Department of Applied Pharmacology, Graduate School of Medicine and Pharmaceutical Sciences, University of Toyama, Toyama 930-0194, Japan; Department of Integrative Physiology, Graduate School of Medical Sciences, Kyushu University, Fukuoka 812-8582, Japan.
Graduate School of Health Sciences, Kumamoto Health Science University, Kumamoto 861-5598, Japan; Department of Integrative Physiology, Graduate School of Medical Sciences, Kyushu University, Fukuoka 812-8582, Japan.
J Neurol Sci. 2017 Sep 15;380:205-211. doi: 10.1016/j.jns.2017.07.030. Epub 2017 Jul 27.
Naftopidil is used clinically for the treatment of voiding disorders in benign prostatic hyperplasia. Previous in vivo experiments in which naftopidil was applied intrathecally abolished rhythmic bladder contraction, suggesting that naftopidil might inhibit a voiding reflex through interaction with spinal dorsal horn neurons. Here we aimed to clarify the mechanism of action of naftopidil on dorsal horn neurons.

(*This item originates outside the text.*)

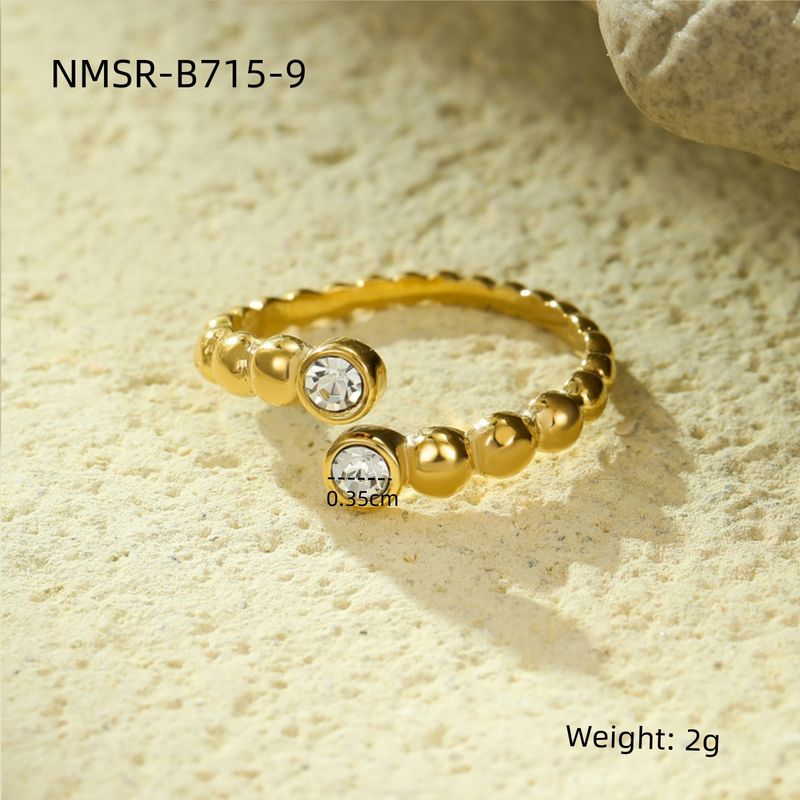 Anello rotondo a forma di cuore in acciaio inossidabile anti-scolorimento, leggero, di alta qualità, in titanio intarsiato con zirconi quadrati_voghion.com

Whole-cell patch-clamp recordings were performed using substantia gelatinosa neurons of adult rat spinal cord slices. Miniature or evoked inhibitor and excitatory postsynaptic currents (IPSCs and EPSCs, respectively) were analyzed.
Bath-applied naftopidil increased the frequency but not the amplitude of miniature IPSCs (mIPSCs) in 38% of neurons tested; in contrast, the effect of naftopidil on miniature EPSCs (mEPSCs) were mild and observed in only 2 out of 19 neurons. Naftopidil enhanced the amplitude of both GABAergic and glycinergic evoked-IPSCs (eIPSCs) that were elicited by focal stimuli in the presence of either the non-NMDA receptor antagonist 6-cyano-7-nitroquinoxaline-2,3-dione (CNQX), or the NMDA receptor antagonist DL-2-amino-5-phosphonovaleric acid (APV).
Although naftopidil was developed as an alpha-1 adrenoceptor antagonist, our previous spinal cord slice experiments showed that the activation of an alpha-1 adrenoceptor in substantia gelatinosa increases the frequency of mIPSCs. This result suggested that, under our conditions, naftopidil may interact with a receptor(s) other than an alpha-1 adrenoceptor in the spinal dorsal horn. The present results suggested that naftopidil enhances the release of GABA and glycine by activating inhibitory interneuron terminals in the spinal dorsal horn via a receptor other than an alpha-1 adrenoceptor, thereby modulating sensory transmission in the substantia gelatinosa.
那夫替丁临床上用于治疗良性前列腺增生的排尿障碍。先前的体内实验表明,鞘内给予那夫替丁可消除节律性膀胱收缩,提示那夫替丁可能通过与脊髓背角神经元相互作用抑制排尿反射。本研究旨在阐明那夫替丁对背角神经元的作用机制。
使用成年大鼠脊髓切片的胶状质神经元进行全细胞膜片钳记录。分析微小或诱发的抑制性和兴奋性突触后电流(分别为 IPSCs 和 EPSCs)。
在 38%测试的神经元中,浴液给予那夫替丁增加了微小 IPSC(mIPSCs)的频率但不增加其幅度;相比之下,那夫替丁对微小 EPSC(mEPSCs)的作用较弱,仅在 19 个神经元中的 2 个中观察到。那夫替丁增强了 GABA 能和甘氨酸能诱发 IPSC(eIPSCs)的幅度,这些 IPSC 是在存在非 NMDA 受体拮抗剂 6-氰基-7-硝基喹喔啉-2,3-二酮(CNQX)或 NMDA 受体拮抗剂 DL-2-氨基-5-磷基戊酸(APV)的情况下,由局灶性刺激引起的。
尽管那夫替丁被开发为α1肾上腺素受体拮抗剂,但我们之前的脊髓切片实验表明,胶状质中α1肾上腺素受体的激活增加了 mIPSCs 的频率。这一结果表明,在我们的条件下,那夫替丁可能与脊髓背角中的一种不同于α1肾上腺素受体的受体相互作用。本研究结果表明,那夫替丁通过激活脊髓背角中的抑制性中间神经元末梢,增强 GABA 和甘氨酸的释放,从而调节胶状质中的感觉传递。